Heritage
A house, in its own words
Daisy Fuentes was born in Cuba and raised in New Jersey, building her public profile as a television host and fitness personality before expanding into consumer products. Her entry into fragrance came through collaboration with Karyn Khoury, a senior perfumer at Estée Lauder, resulting in the 2006 launch of Dianoche. The name itself is a play on Spanish: dia (day) and noche (night), reflecting the line's dual-purpose approach. Dianoche arrived as a layering duo, positioning the Day and Night formulations as complementary rather than standalone scents. This layered concept was somewhat unusual for celebrity fragrances of that era, which more commonly followed the standard EdT/flanker model.

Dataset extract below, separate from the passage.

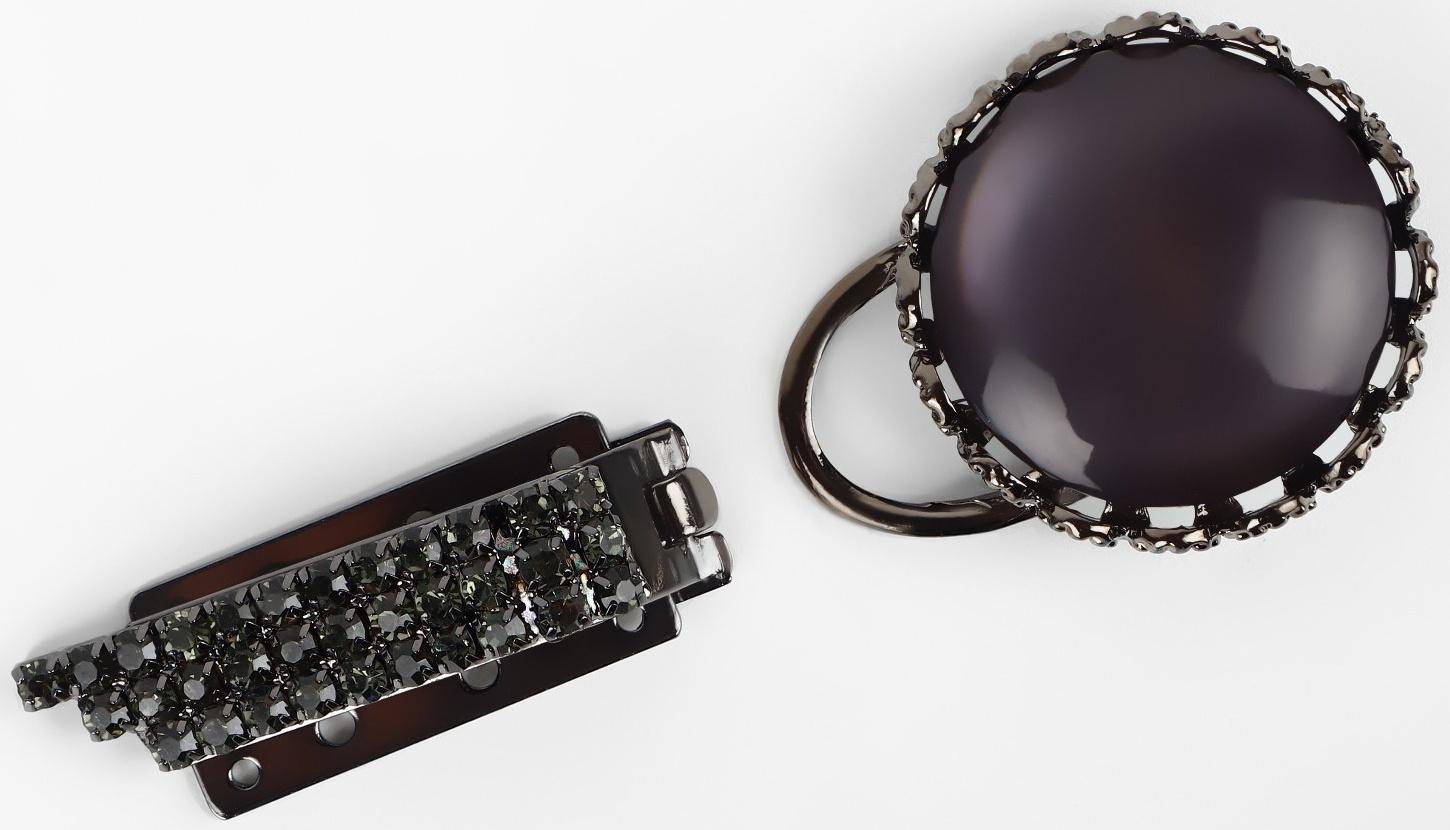 Декоративная застёжка, 8,2 × 3,5 см, цвет чёрный/серый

The collection expanded over subsequent years, with Dianoche Ocean joining in 2008 and additional flankers following. Fuentes leveraged her existing retail relationships from her Kohl's fashion line to support fragrance distribution, creating a multi-category presence in mass-market retail. Her background as a fitness advocate and television personality shaped the initial fragrance positioning around energy and accessibility rather than the more exclusive positioning typical of prestige fragrance launches. Daisy Fuentes approached fragrance as an extension of personal presentation rather than artistic statement. Her celebrity persona, cultivated through fitness videos, television hosting, and magazine covers, informed a fragrance philosophy built around wearability and layering flexibility. The Dianoche concept particularly reflects this philosophy: rather than asking consumers to choose between multiple purchases, the line offered two coordinated options designed to be combined or worn separately depending on the moment. This practical approach extends to her broader product philosophy across fashion and wellness categories, where Fuentes has consistently positioned herself as a lifestyle partner rather than a distant brand figurehead. The naming conventions reinforce this accessible stance, with direct descriptors like So Luxurious and Mysterious communicating mood rather than demanding interpretation. The fragrance line overall reflects a celebrity fragrance market of the mid-2000s, when mass-market accessibility and multi-product ecosystems were the dominant model for celebrity-endorsed scents.